(Beginning of Input data)
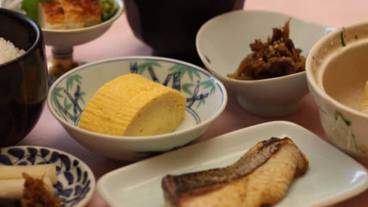 食事・飲み物 / 5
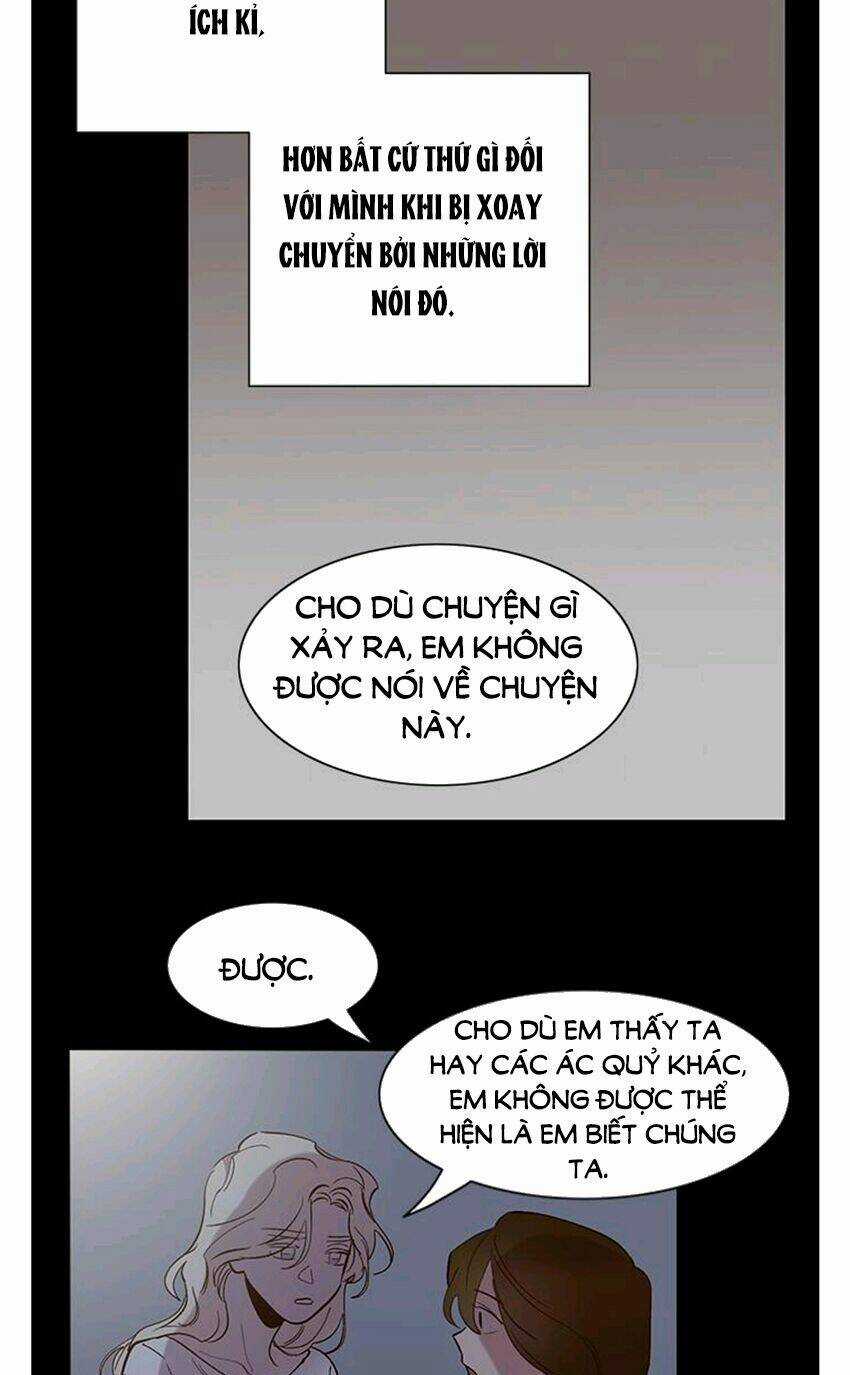 Quỷ Sứ Số 4 - Chapter 64 - Trang 45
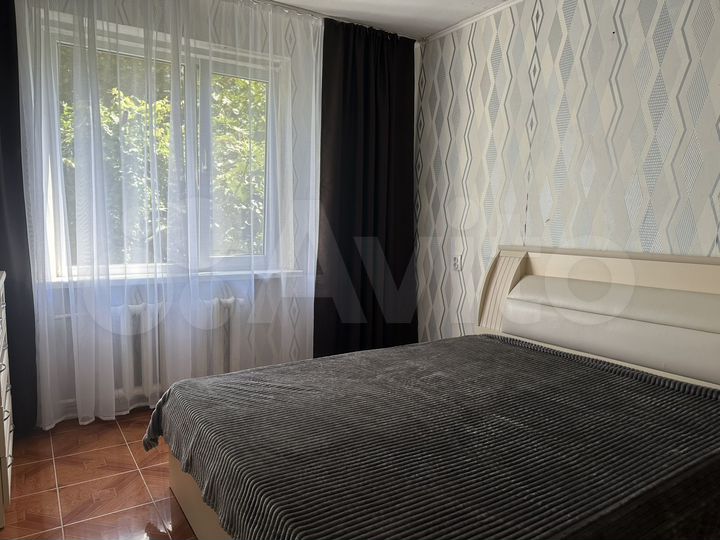 3-к. квартира, 78 м², 1/5 эт.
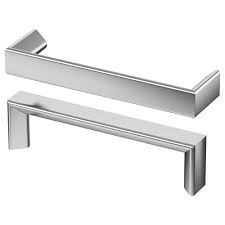 Einzigartige Cabinet Hardware Zieht Eine Minimalistische Kuche Design Ohne Gehause Hardware Wird I Schlafzimmerrenovierung Kuchenschrank Griffe Schrankgriffe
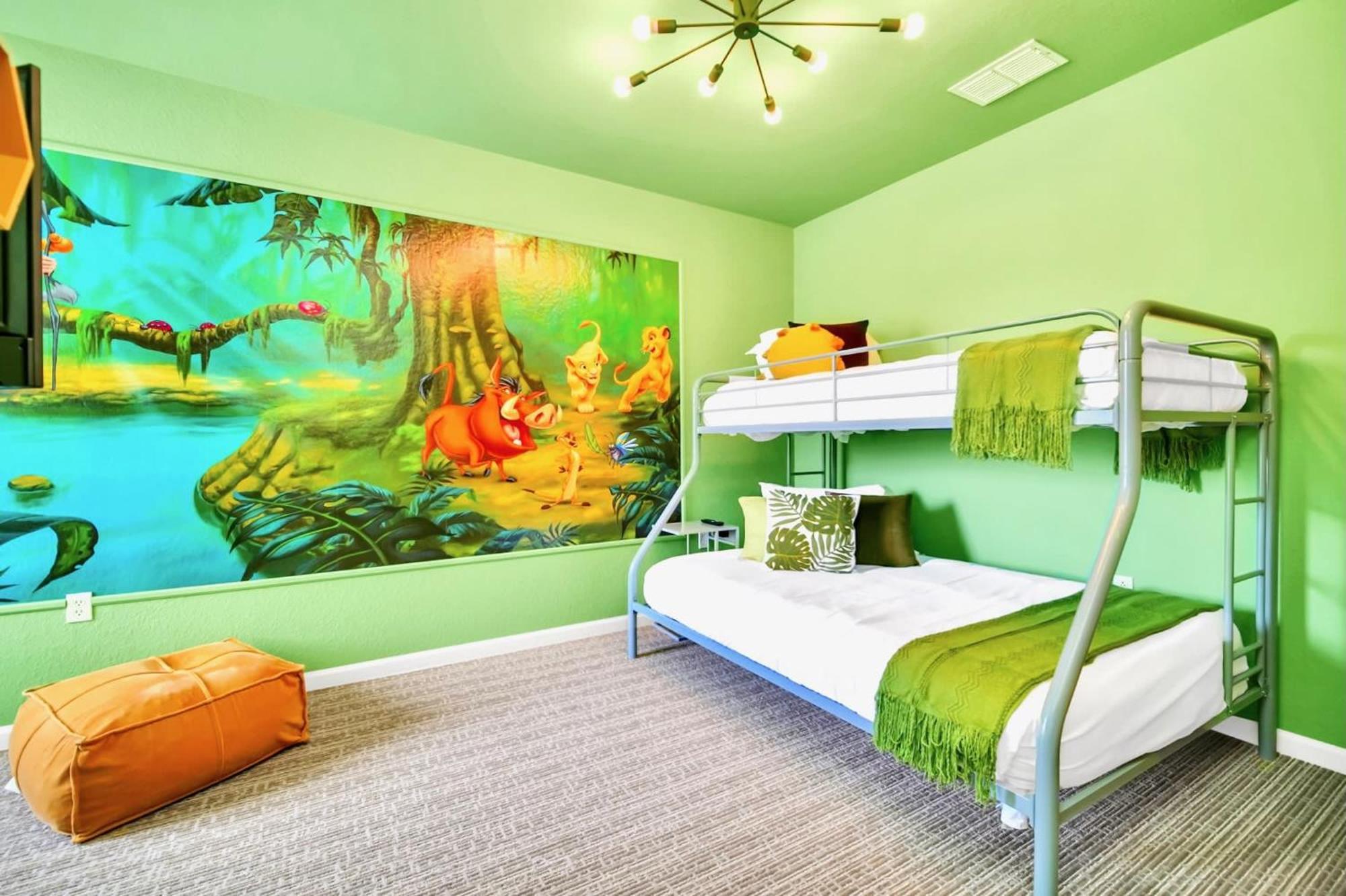3Br Condo With Pool And Hot Tub Close To Disney Orlando Extérieur photo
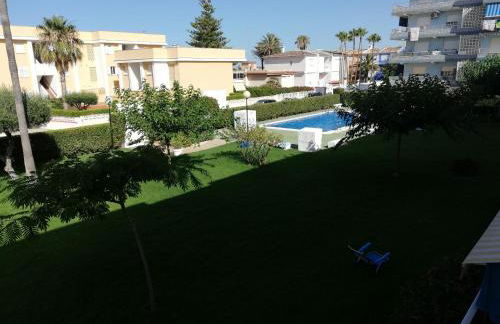 Solmar II Solo Familias Serviplaya - Foto 99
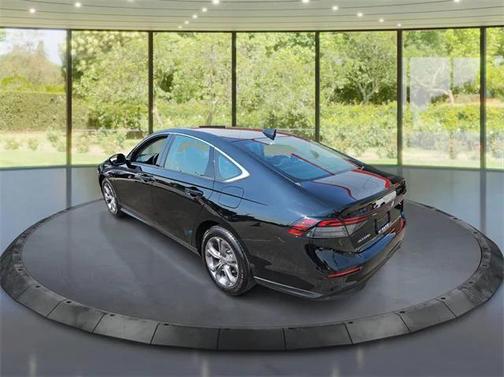 2024 Honda Accord EX 1.5T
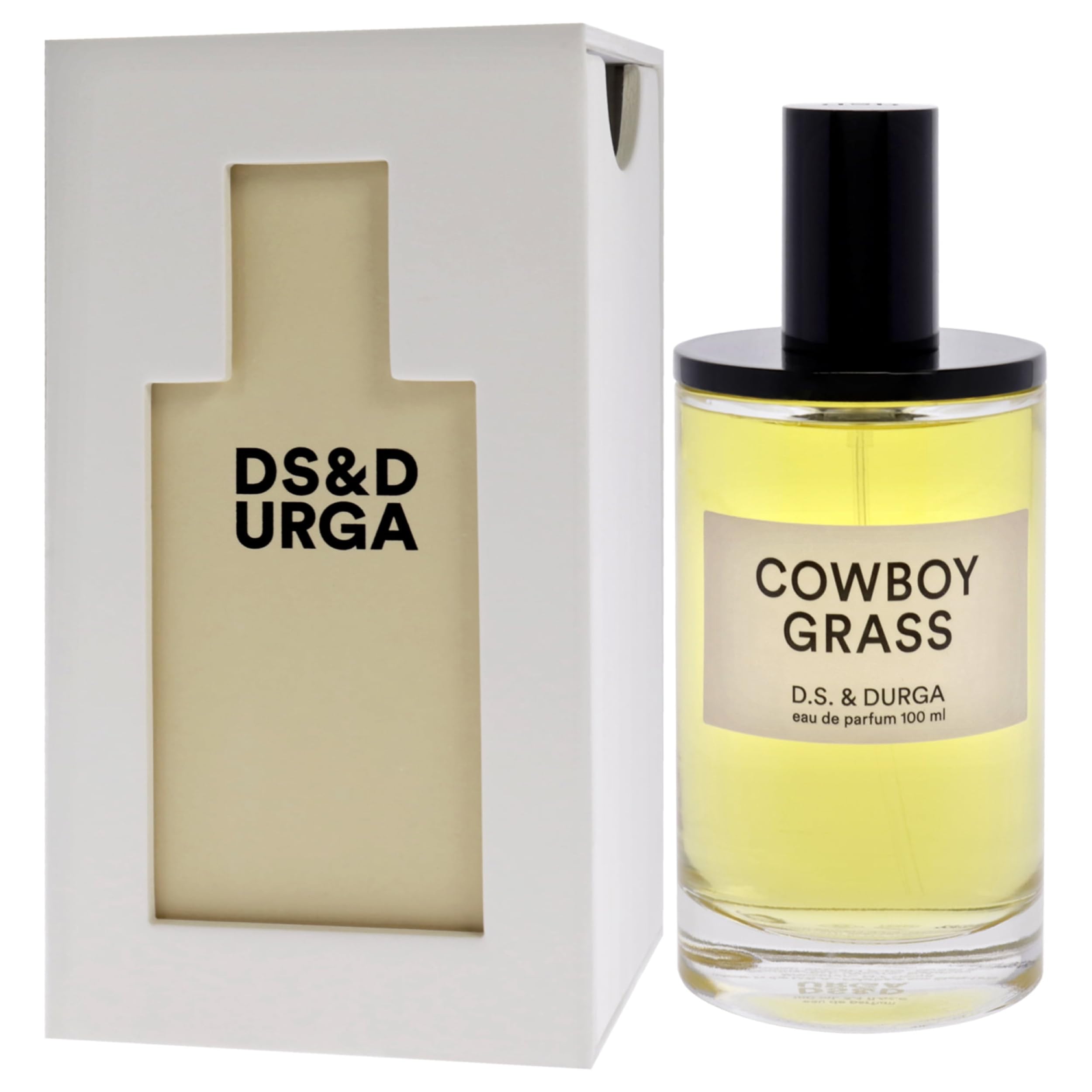 Cowboy Grass by DS & Durga for Men – 3.4 oz EDP Spray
(End of Input data)
Could you output every entry exactly as written, skipping the pictures?

* _Answer box_:
 食事・飲み物 / 5
 Quỷ Sứ Số 4 - Chapter 64 - Trang 45
 3-к. квартира, 78 м², 1/5 эт.
 Einzigartige Cabinet Hardware Zieht Eine Minimalistische Kuche Design Ohne Gehause Hardware Wird I Schlafzimmerrenovierung Kuchenschrank Griffe Schrankgriffe
3Br Condo With Pool And Hot Tub Close To Disney Orlando Extérieur photo
 Solmar II Solo Familias Serviplaya - Foto 99
 2024 Honda Accord EX 1.5T
 Cowboy Grass by DS & Durga for Men – 3.4 oz EDP Spray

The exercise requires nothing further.